2. How is your personality reflected in your parenting style? It is no surprise to other lawyers, those who’ve worked extensively with lawyers, or our poor families, that we lawyers tend toward Type A personalities. I am more like a Type A+. Being a natural perfectionist and wanting things orderly and just so is a serious challenge as a parent, especially of irrational, distractable, little mess-makers! I am also a lifelong nerd so, to quote Super Why, when I have a problem I look in a book! For my own sanity as well as my children’s emotional well-being I try to use the methods outlined and explained in The Happiest Toddler on the Block and 1-2-3 Magic. But I’m also very affectionate and love to snuggle with my children. Had I really understood how fleeting the stage is when a baby needs you so completely and wants only to be right on you 24/7, I might have enjoyed it more the first time around. These days, I beg hugs from the big girls and relish the snuggles all day and night with my baby girl. Those snuggles are made easier by having the baby in the sling while I’m snuggling with the big girls reading them bedtime stories.
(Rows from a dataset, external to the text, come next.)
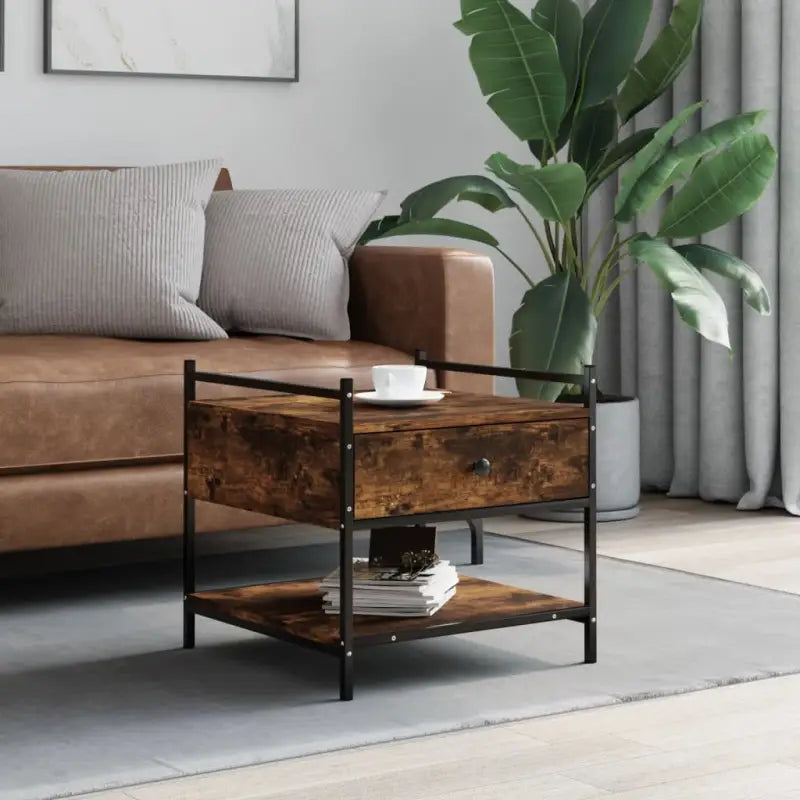 Salontafel met bewerkt hout en verstelbare poten voor elegante woonkamer - Gerookt eiken / 1 / 50 cm - Salontafels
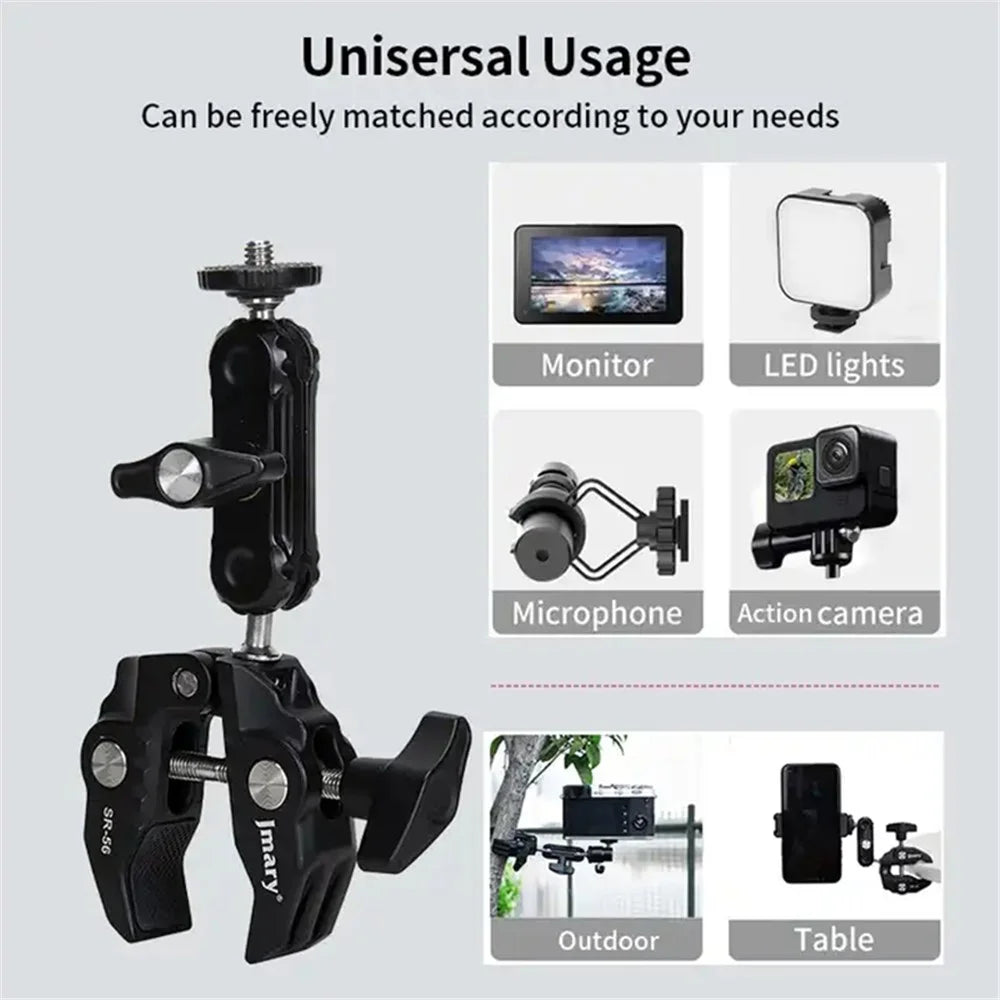 JMARY SR-56 For GoPro Action Camera Phone Holder Aluminum Camera Mount Clamp - 5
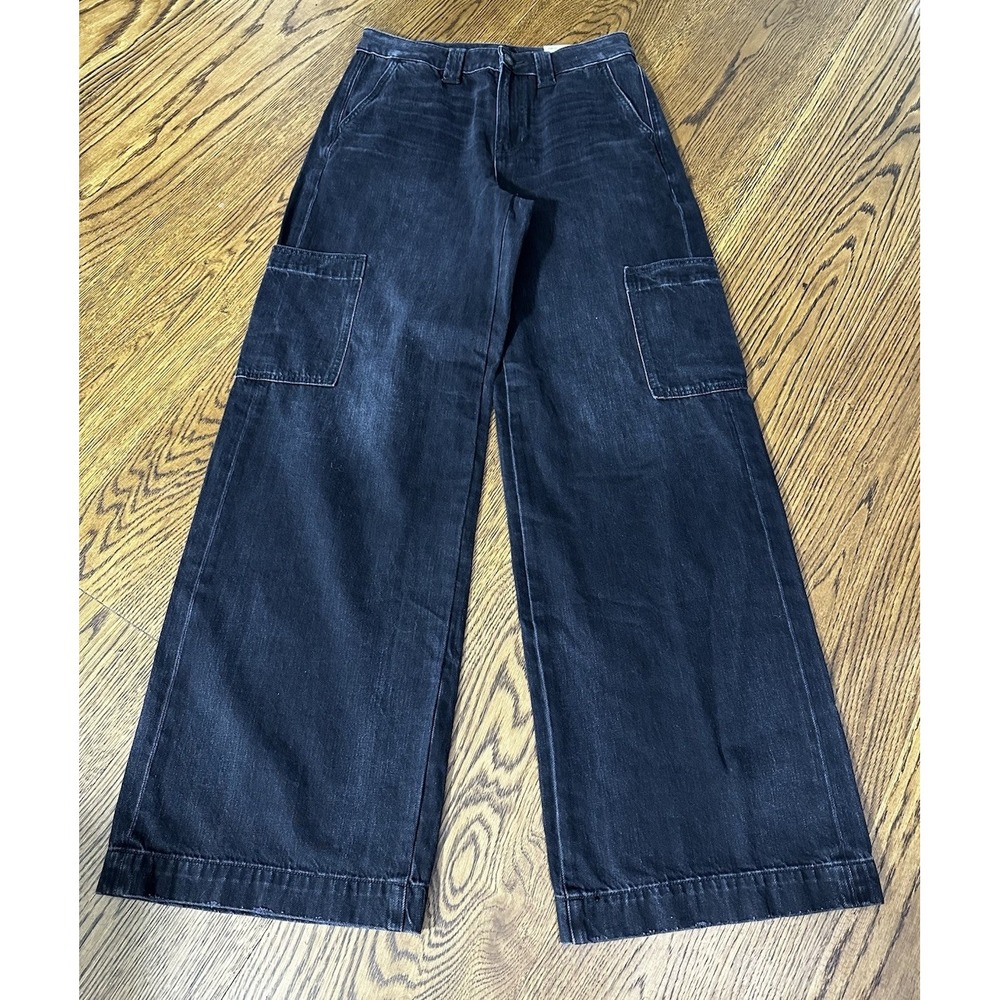 American Eagle Jeans Super High Rise Baggy Wide Leg Womens 4 Rocker Black NWT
3. If you could spend a year traveling with your family, where would you go and why? Oh, man do I have the travel bug! I love to travel and it’s been awhile. I am already dreaming and starting to plan when and how we’ll be able to take the girls abroad. With a solid year, I think we might try to do a world tour! I am a total xenophile. I love to learn about other cultures and peoples, try different foods, hear new music, and learn new languges. I speak Spanish and can read and understand some French, Italian, and Portuguese (at least enough to get by). My husband considered me his personal tour guide when we backpacked around Western Europe after law school and the bar exams before we started working. We prefer to go off the beaten path and try to see things as they really are, rather than how they are tidied up for visitors. I can’t wait to expose my children to all those things and talk about it with them to see the world through their eyes. For now, I select books for them set in other cultures, we watch television shows that broaden their awareness (I highly recommend HBO’s Happily Ever After Fairy Tales for Every Child), play games (like eeBoo’s I Never Forget a Face), and I tell them stories about where I’ve been and how we’ll go there someday too.
I believe that travel, done right, provides invaluable perspective, teaches compassion and empathy, and unifies people in a way that nothing else really can. And, estate-planning attorney-mama that I am, I have spelled this all out for the named legal guardians of my children in case tragedy were to strike my family and I were not able to teach my children these important life lessons myself. Have you provided the legally-named guardians of your children explicit guidance about how you would want your children raised according to your beliefs? Have you created something for your children to express your wishes for them that they will be able to read with you (or, hopefully not, in your absence) when they are old enough? That makes a fantastic, lasting, priceless gift.